_EXERCISE REQUIREMENTS_. Scan the records below, and wherever a line has the word "Shirt", pull it out.

(Scraped caption text data)

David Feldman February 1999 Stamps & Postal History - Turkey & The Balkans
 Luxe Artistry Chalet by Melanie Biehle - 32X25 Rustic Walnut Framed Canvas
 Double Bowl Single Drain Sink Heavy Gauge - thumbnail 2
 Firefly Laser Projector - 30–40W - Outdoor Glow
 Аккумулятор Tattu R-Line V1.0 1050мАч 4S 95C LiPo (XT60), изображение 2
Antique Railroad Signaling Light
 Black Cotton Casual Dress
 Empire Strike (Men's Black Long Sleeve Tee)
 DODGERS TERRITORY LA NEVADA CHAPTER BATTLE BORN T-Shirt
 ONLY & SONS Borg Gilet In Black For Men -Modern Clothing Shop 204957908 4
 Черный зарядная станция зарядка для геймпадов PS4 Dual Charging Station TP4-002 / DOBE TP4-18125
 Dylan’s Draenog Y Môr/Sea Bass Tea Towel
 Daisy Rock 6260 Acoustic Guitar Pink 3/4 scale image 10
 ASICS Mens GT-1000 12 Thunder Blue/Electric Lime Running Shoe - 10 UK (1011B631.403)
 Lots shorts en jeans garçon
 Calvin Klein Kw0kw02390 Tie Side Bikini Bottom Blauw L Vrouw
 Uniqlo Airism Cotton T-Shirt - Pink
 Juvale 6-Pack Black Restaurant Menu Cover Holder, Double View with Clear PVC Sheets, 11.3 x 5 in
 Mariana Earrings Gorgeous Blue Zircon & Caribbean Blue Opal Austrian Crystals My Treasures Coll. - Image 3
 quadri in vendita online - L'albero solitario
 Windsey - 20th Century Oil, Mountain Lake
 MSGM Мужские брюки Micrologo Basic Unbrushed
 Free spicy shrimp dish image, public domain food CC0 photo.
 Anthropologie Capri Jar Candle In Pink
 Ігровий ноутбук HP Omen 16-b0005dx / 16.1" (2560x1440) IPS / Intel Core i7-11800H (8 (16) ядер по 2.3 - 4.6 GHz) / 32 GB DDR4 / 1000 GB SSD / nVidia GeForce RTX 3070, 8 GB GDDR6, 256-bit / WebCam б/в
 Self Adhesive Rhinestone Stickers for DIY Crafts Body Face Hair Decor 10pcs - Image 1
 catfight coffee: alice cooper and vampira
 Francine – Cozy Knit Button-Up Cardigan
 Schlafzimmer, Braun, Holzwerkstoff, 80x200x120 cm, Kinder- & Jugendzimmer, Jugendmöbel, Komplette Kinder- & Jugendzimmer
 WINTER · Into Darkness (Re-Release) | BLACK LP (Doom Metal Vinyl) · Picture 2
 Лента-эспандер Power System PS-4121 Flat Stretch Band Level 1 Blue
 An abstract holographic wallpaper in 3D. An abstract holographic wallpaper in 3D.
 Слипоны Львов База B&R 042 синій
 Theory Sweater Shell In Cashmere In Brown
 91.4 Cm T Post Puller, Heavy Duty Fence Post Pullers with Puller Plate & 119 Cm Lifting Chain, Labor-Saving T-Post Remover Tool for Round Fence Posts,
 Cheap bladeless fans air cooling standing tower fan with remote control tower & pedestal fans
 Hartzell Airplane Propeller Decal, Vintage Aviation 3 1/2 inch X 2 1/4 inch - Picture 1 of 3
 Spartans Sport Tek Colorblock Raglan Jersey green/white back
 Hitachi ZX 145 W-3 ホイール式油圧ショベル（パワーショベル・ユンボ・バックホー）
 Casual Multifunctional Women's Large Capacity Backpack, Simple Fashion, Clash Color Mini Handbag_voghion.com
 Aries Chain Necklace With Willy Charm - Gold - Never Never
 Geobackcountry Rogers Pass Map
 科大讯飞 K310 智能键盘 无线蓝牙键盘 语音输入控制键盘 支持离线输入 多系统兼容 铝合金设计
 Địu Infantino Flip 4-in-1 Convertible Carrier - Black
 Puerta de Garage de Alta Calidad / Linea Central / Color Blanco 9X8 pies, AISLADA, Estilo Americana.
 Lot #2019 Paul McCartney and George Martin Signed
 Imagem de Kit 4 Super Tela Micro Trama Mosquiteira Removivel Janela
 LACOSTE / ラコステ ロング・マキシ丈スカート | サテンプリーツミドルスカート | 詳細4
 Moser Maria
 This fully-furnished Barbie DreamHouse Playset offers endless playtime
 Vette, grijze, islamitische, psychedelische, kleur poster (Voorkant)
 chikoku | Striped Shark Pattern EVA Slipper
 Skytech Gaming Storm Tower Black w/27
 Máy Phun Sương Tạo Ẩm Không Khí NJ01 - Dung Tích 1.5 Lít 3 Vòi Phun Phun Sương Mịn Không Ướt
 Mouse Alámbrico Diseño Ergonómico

_ANSWER SECTION_.
 DODGERS TERRITORY LA NEVADA CHAPTER BATTLE BORN T-Shirt
 Uniqlo Airism Cotton T-Shirt - Pink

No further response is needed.